Гуров не стал мешать, отговаривать и предлагать посидеть еще. Не зря Штирлиц говорил про то, что надо уметь не только войти в разговор, но и выйти из него. В данном случае Захаров сам принял решение уйти. Ну и пусть идет. Не надо, чтобы в голове ученого мужа засело гвоздем, что Лев Иванович его расспрашивал о чем-то. Кто такой Жигаленков? Не слишком ли много следов нефти вокруг — на ботинках, на свежей рыхлой земле?..
Гуров посмотрел на часы и подумал, что надо брать быка за рога, пока они под рукой. Он вернулся в университетский городок и отправился искать заведующую кафедрой экологии. Ему повезло, Лидию Ивановну Смирнову он застал в ее собственном кабинете.
Усталая женщина с пучком волос на затылке сидела за большим старомодным столом, который, наверное, когда-то перевезли в новое здание из старого корпуса университета. Было в облике этого стола что-то, напоминавшее о старой профессуре, маститых бородачах в академических шапочках. Гуров сразу зауважал этот стол и тех людей, которые не бросили его, привезли сюда и установили в кабинете руководителя кафедры, рядом с современной мебелью.
Женщина, сидевшая за этим столом, чем-то была похожа на него. Не внешне, боже упаси даже сравнивать. Но что-то в ее облике, в осанке, во взгляде было от того времени, когда ученых уважали, искренне считали их цветом нации.
Гуров облегченно вздохнул, потому что понял, что перед Смирновой он не сможет валять ваньку, изображать из себя кого-то, просто врать ей. Это было очень здорово — честно, на равных поговорить с таким человеком, просить у него помощи. Ведь после таких разработок, какую, например, Гуров учинил недавно Захарову, на душе всегда остается небольшой, но весьма неприятный осадок. Даже если тебе не за что уважать этого человека, то обманывать его все равно не очень приятно.
— Здравствуйте, — приоткрыв дверь кабинета, сказал Гуров. — Вы Смирнова Лидия Ивановна?
— Да, проходите. Слушаю вас, — снимая очки и чуть откидываясь на спинку кресла, ответила женщина.
— Лидия Ивановна, моя фамилия Гуров. Я полковник полиции, работаю в Москве, в Главном управлении уголовного розыска. Зовут меня Львом Ивановичем.
Женщина с достоинством приняла в руки служебное удостоверение, неторопливо, внимательно прочитала содержимое, аккуратно сложила документ и вернула его гостю.
— Прошу садиться. — Она показала на стул, стоявший напротив стола. — Что же вас привело в стены университета, Лев Иванович?
— Мне нужно поговорить с вами, Лидия Ивановна.
— Со мной? — удивилась женщина.
— Я могу вас попросить, чтобы наша беседа осталась строго между нами? Она касается вопросов, которые пока составляют следственную тайну.
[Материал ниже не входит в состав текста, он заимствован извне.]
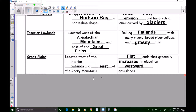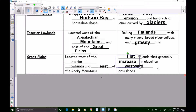Our next region is the Great Plains, also known as our bread basket. We call it our bread basket because that's where a lot of wheat is grown in the United States. People grow and harvest wheat, grind it up to make flour, and we use flour to make bread. The Great Plains is located west of the interior lowlands and east of the Rocky Mountains. The land is flatlands that gradually increase in elevation — the further you go west, the higher the land gets — and it's of course grasslands, a lot of farmland.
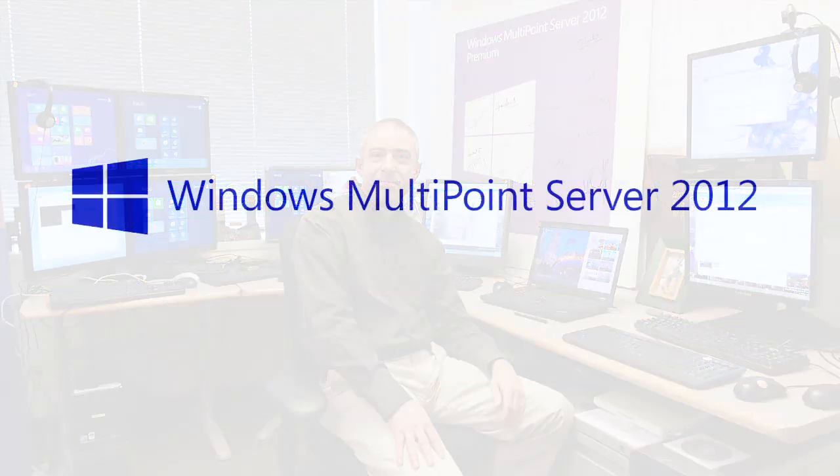So there you have it. With disk protection, a very simple way to keep your multipoint servers exactly as you want them to be. Thanks.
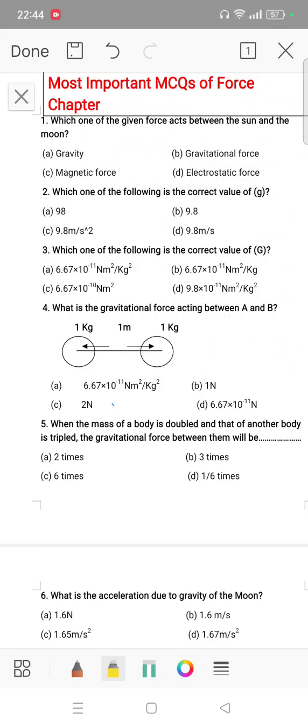Hello, good morning students. I am covering the important questions from the first chapter. So let's begin our class. Most important questions, MCQ for the first chapter.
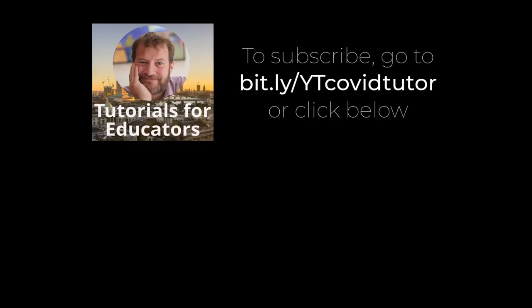If you found this tutorial useful, please consider subscribing to my YouTube channel.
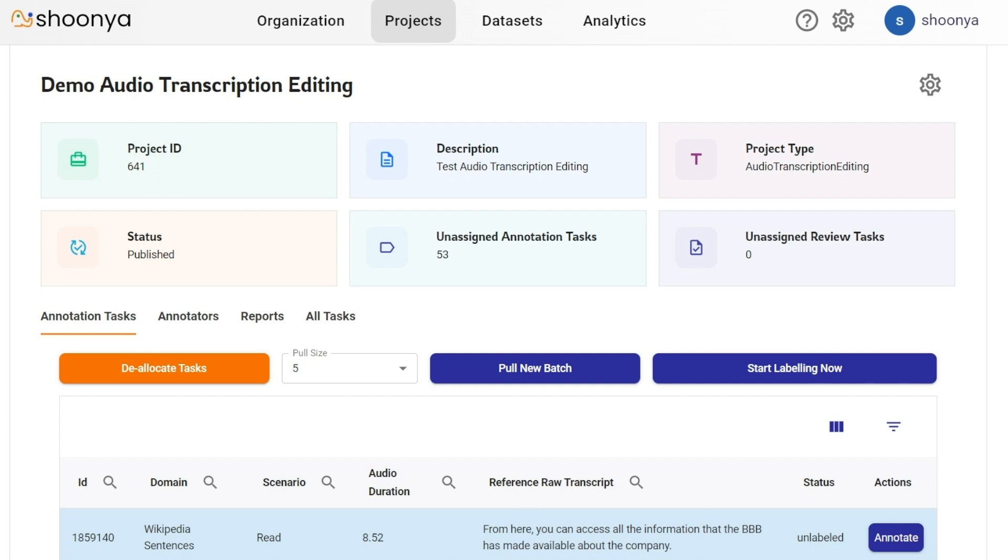Hello, let's see a demo of audio transcription editing project type in Shunya. This is the project page which has the project ID, its description,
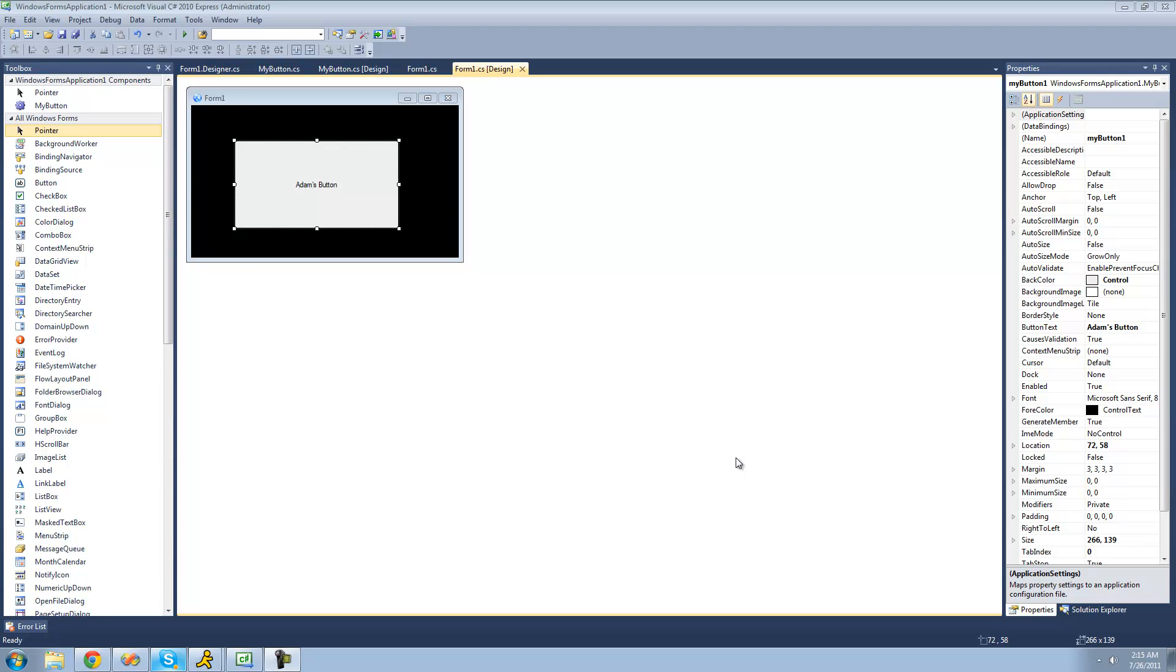Hey guys, welcome to the 135th C-Sharp tutorial that I'm making for New Boston. In this tutorial, we're going to be making our button look glossy.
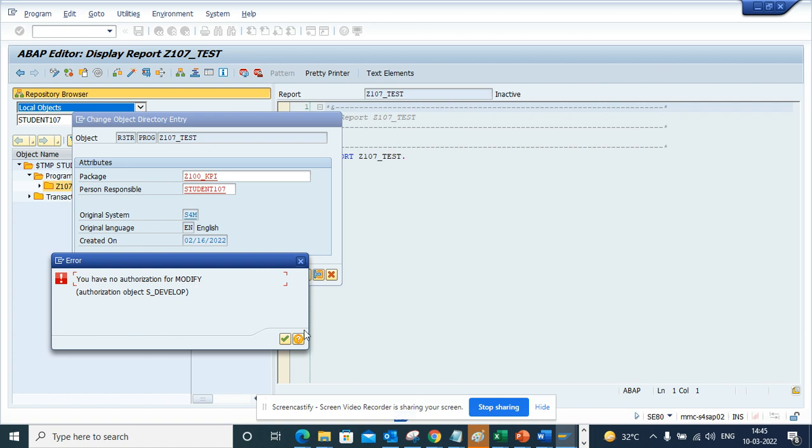So this way you can always assign or change the package for a particular development. And this is very useful.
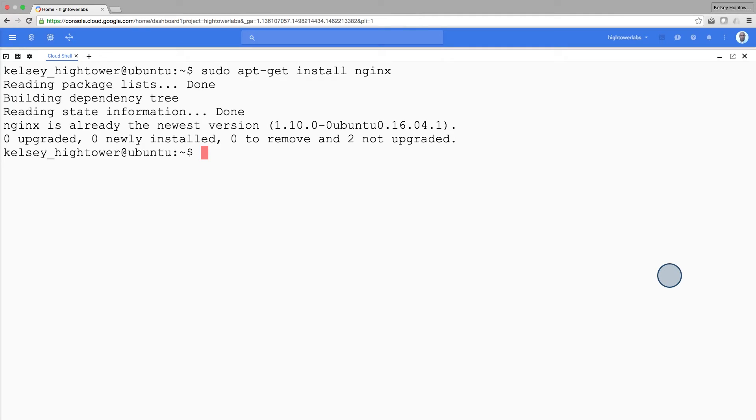It says it's already installed, and we have the newest version. So that's not how you do it.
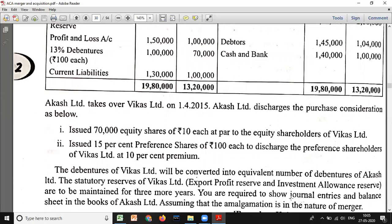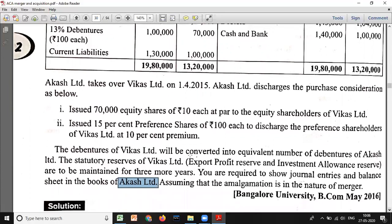Akash Limited is the purchasing or transferee company. Journal entries in the books of the purchasing company are incorporation entries - not closing entries. Closing entries are recorded in the books of the vendor company, whereas incorporation entries are recorded in the books of the transferee or purchasing company. So we need to pass incorporation entries and prepare the balance sheet of Akash Limited, assuming amalgamation is in the nature of merger.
— Даже не знаю. — Смирнова не особенно смутилась, но стала задумчиво теребить очки. — Видите ли, мне не хотелось бы влезать в какие-то тайны, тем более чужие. Прошу понять меня правильно, потому что каждому человеку это свойственно — неприятие тайн. Люди любят открытость. Тайна потому и не разглашается, что это непременно приведет к неприятностям, вызовет беспокойство. Так стоит ли?